3. Worked Example 1: Independent-Samples t-Test

You want to detect a Cohen’s d = 0.5 (medium) effect with alpha = 0.05 two-sided and power = 0.80. The required sample size per group from a non-central t calculation is approximately n = 64 per group, or 128 total. Drop the effect size to d = 0.3 and required n per group jumps to about 175 (350 total).
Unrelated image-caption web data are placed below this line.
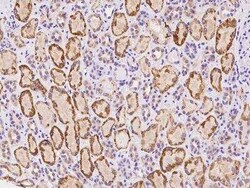 GPR113 Antibody, Novus Biologicals:Antibodies:Primary Antibodies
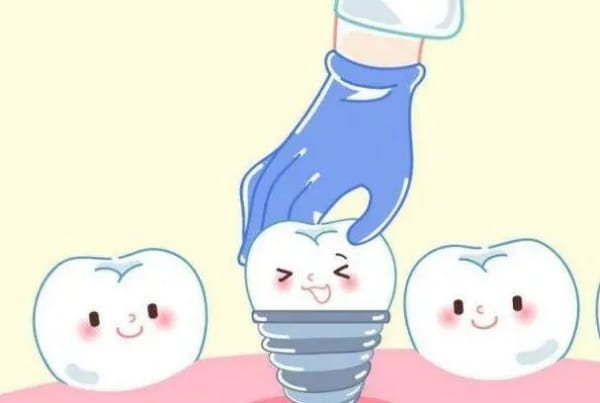 成都极光口腔医院儿童矫正和种植牙的价格透明吗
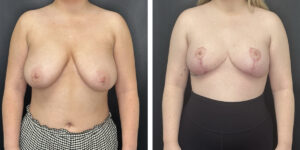 before and after breast reduction front view case 1268
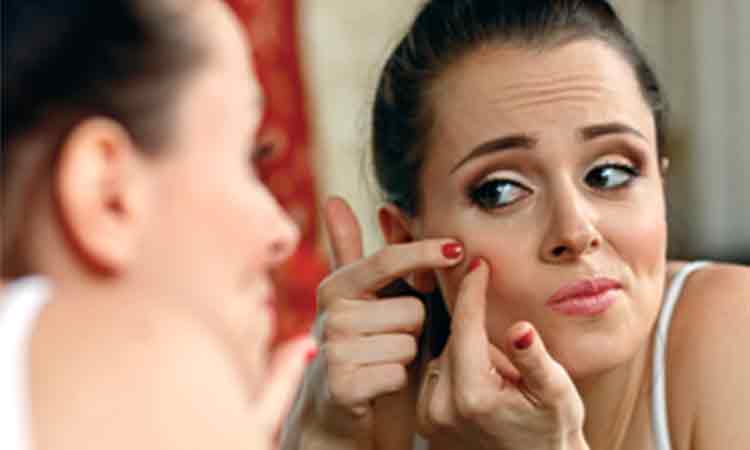 Healing with homeopathy – Acne caused due to PCOS Healing with homeopathy – Acne caused due to PCOS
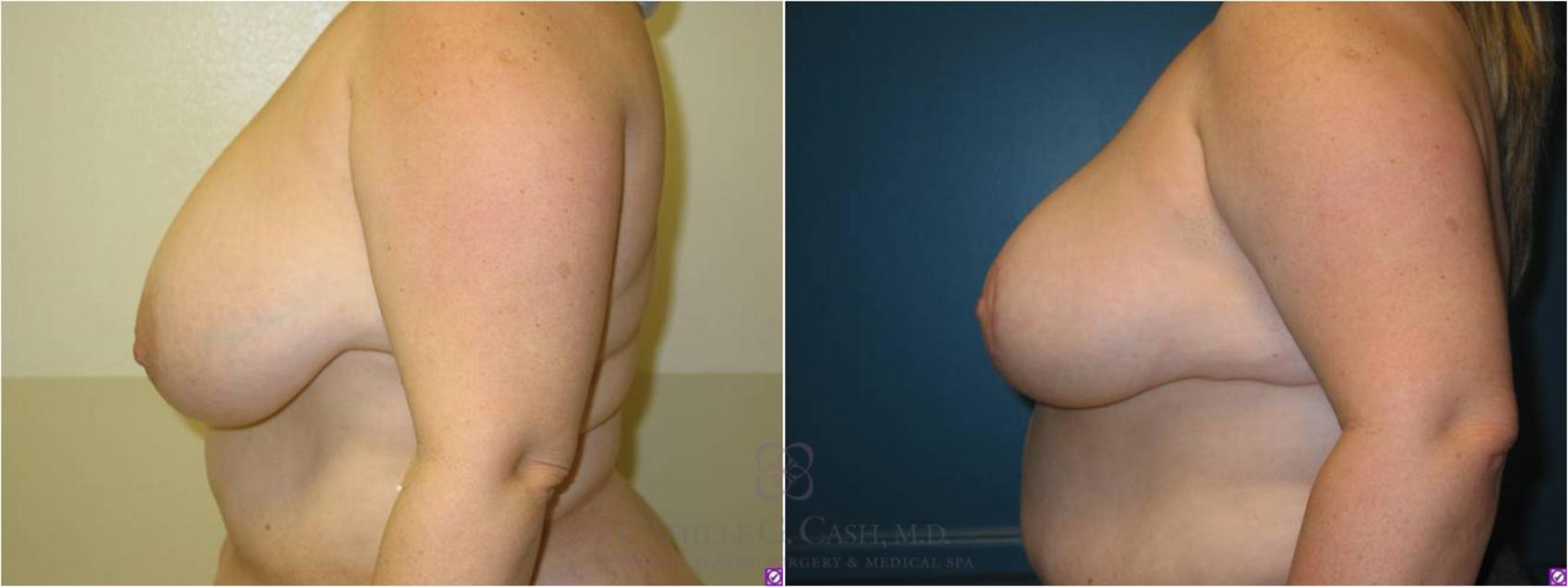 Before & After Breast Lift Case 13 View #6 View in Houston, TX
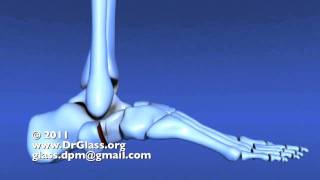 Evans Calcaneal Osteotomy of the Flat Foot [upl. by Dnalhsa662]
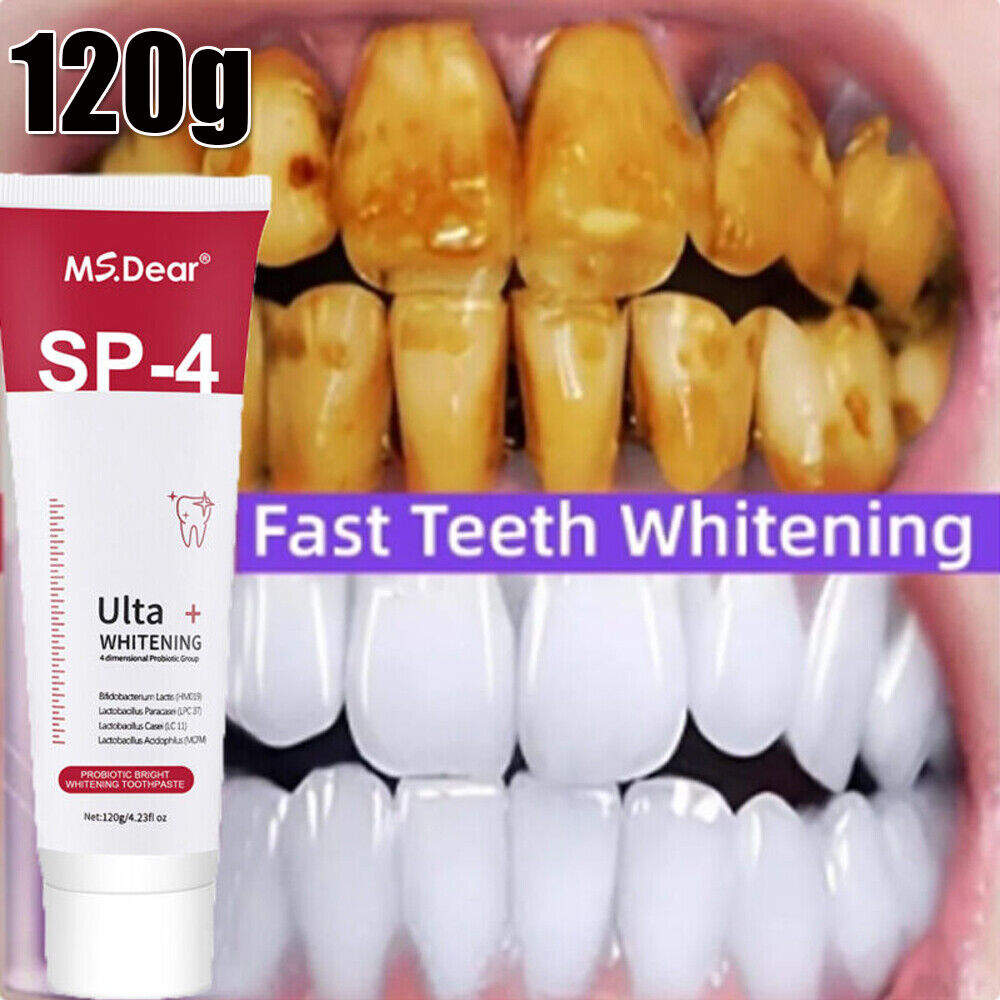 30gm Sp-4 Teeth Whitening Toothpaste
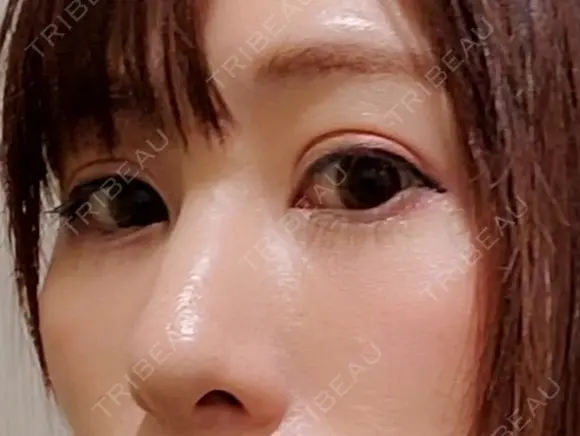 クマ治療 閉院｜プルージュ美容クリニック 赤羽院 DAY 30 メイン用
Drop to d = 0.2 and you need about 394 per group (788 total). Notice the quadratic relationship: cutting d in half quadruples the required sample. To shortcut without software: n_per_group ≈ 16 / d² for power 0.80 and alpha 0.05 two-sided. d = 0.5 → n ≈ 64; d = 0.3 → n ≈ 178; d = 0.2 → n ≈ 400. The formula’s slight overestimate at large d is conservative and useful for planning.

Key Points

  • Shortcut: n_per_group ≈ 16 / d² for α = 0.05, power = 0.80, two-sided t.
  • d = 0.5 → 64/group; d = 0.3 → 175/group; d = 0.2 → 394/group.
  • Halving the effect quadruples the required sample.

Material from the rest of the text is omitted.